» WHAT TO PRODUCE
Below are the entries. Print only the lines starting at the one with "Acheter Babymoov Lave" and ending at the one with "El municipio avanza", exactly, with no pictures.
[[ THE DATA, beginning ]]
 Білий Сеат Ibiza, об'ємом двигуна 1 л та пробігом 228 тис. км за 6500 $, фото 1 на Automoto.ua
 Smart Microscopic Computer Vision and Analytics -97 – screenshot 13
[[ THE DATA, end ]]
[[ THE DATA, beginning ]]
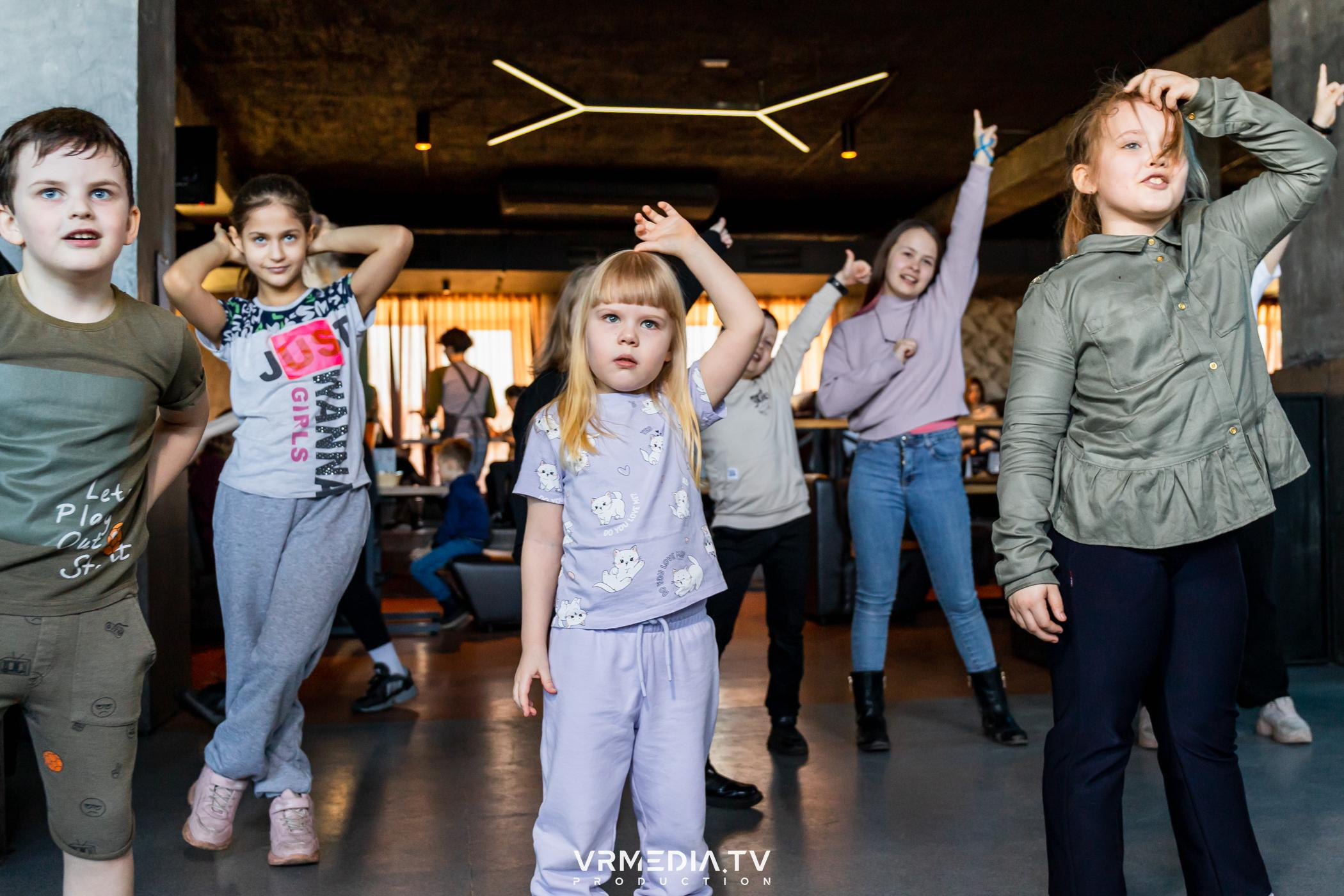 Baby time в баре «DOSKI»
[[ THE DATA, end ]]
[[ THE DATA, beginning ]]
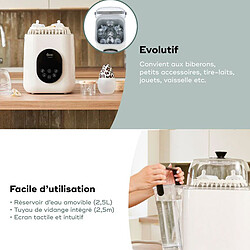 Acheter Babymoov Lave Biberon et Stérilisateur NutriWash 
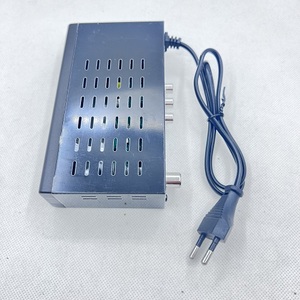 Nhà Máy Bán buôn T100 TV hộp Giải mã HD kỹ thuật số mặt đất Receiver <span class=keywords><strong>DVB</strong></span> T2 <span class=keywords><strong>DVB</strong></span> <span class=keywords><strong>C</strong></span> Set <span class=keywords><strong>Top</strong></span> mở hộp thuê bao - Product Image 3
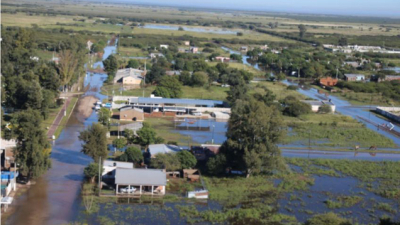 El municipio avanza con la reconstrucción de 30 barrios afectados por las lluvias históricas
[[ THE DATA, end ]]
» RESPONSE TO THE TASK
 Acheter Babymoov Lave Biberon et Stérilisateur NutriWash 
 Nhà Máy Bán buôn T100 TV hộp Giải mã HD kỹ thuật số mặt đất Receiver <span class=keywords><strong>DVB</strong></span> T2 <span class=keywords><strong>DVB</strong></span> <span class=keywords><strong>C</strong></span> Set <span class=keywords><strong>Top</strong></span> mở hộp thuê bao - Product Image 3
 El municipio avanza con la reconstrucción de 30 barrios afectados por las lluvias históricas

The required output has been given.